Cross-tabulation is a way of comparing results for different types of respondents. For example, if you want to know if your intervention is more effective for people who are unemployed, or those who are in employment, you could use cross-tabulation to compare their experiences.
Averages are used to summarise a dataset using a number that represents the middle of the distribution. They can be used to report on the average experience of users; for example, the average score for the class was 7.3 out of 10. There are three main types of average.
- Mean: This is what we normally mean when we say ‘average’. The mean is the total of all values divided by the number of responses. For example, if the values are 2, 3, 4, and 5, the mean is the total (14) divided by the number of values (4) = 3.5. This is less helpful if your data is skewed (if top or bottom values have a higher value than the middle value) or if your data has outliers (values far above or below the majority of values). For example, in comparing the duration of time spent using a service, one unusually long visit will disproportionately skew the mean average.
- Median: This is the value in the middle of your data set arranged from smallest to largest; for example, if the values are 1, 2, 3, and 4, 5, the median is 3. This can be helpful if your data is skewed and/or contains outliers. However, the median does not take into account all of the information in the data set, only the middle value. For example, if the median duration time is four minutes, this doesn’t tell you anything about the duration of time spent by other users.

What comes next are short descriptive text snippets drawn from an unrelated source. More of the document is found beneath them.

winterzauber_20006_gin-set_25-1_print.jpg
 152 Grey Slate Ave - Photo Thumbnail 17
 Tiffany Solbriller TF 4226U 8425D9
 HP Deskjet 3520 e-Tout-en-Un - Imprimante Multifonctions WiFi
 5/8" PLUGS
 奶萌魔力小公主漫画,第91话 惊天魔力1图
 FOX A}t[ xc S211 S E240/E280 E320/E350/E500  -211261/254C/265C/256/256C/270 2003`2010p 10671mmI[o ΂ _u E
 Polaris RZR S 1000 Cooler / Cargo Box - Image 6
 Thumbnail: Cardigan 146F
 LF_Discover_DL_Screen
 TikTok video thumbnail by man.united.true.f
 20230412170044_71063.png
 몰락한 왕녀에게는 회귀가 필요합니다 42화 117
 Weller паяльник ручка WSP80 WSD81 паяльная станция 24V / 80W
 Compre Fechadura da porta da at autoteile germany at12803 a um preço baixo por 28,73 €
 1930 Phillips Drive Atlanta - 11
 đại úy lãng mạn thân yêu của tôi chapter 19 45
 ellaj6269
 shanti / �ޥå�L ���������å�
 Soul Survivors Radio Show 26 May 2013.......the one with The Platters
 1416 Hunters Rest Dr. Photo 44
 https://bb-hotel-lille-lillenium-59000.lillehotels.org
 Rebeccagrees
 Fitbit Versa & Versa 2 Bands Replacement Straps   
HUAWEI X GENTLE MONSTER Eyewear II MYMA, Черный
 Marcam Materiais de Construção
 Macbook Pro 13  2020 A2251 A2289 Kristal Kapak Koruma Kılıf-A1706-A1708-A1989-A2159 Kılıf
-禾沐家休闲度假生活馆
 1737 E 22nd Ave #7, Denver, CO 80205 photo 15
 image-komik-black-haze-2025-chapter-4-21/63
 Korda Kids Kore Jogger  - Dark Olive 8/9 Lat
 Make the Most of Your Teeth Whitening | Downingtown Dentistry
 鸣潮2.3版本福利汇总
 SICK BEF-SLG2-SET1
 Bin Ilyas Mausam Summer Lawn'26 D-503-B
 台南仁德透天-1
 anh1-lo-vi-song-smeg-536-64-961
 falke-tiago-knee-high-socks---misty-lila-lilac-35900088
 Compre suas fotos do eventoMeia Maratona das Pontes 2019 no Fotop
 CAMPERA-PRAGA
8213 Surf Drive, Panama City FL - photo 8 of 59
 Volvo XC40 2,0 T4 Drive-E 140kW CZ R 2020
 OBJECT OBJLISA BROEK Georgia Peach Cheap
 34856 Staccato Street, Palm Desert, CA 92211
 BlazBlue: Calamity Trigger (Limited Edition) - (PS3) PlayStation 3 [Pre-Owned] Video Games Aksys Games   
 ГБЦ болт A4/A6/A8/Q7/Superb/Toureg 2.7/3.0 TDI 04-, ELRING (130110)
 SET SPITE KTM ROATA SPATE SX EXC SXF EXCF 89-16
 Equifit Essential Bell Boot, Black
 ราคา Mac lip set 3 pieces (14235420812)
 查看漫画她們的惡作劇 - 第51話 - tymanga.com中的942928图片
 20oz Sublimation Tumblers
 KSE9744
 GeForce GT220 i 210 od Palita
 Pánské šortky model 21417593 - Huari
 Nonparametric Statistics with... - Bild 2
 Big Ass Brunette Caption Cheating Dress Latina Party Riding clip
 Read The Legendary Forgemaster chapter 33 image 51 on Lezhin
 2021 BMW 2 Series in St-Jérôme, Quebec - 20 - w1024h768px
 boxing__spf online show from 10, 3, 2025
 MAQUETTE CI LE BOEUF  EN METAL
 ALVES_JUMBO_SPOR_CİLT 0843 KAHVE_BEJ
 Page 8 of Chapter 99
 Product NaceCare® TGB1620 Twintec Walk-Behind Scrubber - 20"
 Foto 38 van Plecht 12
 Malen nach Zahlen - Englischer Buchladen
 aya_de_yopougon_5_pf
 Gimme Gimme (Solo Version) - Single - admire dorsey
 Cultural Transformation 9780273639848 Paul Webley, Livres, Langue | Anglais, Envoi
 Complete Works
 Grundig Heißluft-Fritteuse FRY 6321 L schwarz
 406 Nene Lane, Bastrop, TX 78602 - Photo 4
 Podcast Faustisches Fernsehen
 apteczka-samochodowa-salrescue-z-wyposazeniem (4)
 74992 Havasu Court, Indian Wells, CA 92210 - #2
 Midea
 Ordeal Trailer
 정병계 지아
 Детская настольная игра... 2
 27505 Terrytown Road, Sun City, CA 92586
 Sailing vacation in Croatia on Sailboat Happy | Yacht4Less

- Mode: This is the value that occurs most frequently in your dataset. There may be more than one mode in your data set. The mode is the only measure of average that can be used with non-numerical data. For example, if 40% of your users engage with your service online, 30% via phone, and 30% in-person, no median or mean can be calculated but the mode is online users, as this is the most common.
Variation: To understand how much variation there is in your dataset, you can use two calculations:
- Range: This is the difference between the largest and smallest value in your dataset.
- Standard deviation: This is the average distance between a value and the mean average. This shows you how well the mean represents your dataset; the higher the standard deviation, the more dispersed the data set is.
3. Think critically about your data
Once you have chosen the most useful statistics, examine your data and ask yourself what it is telling you.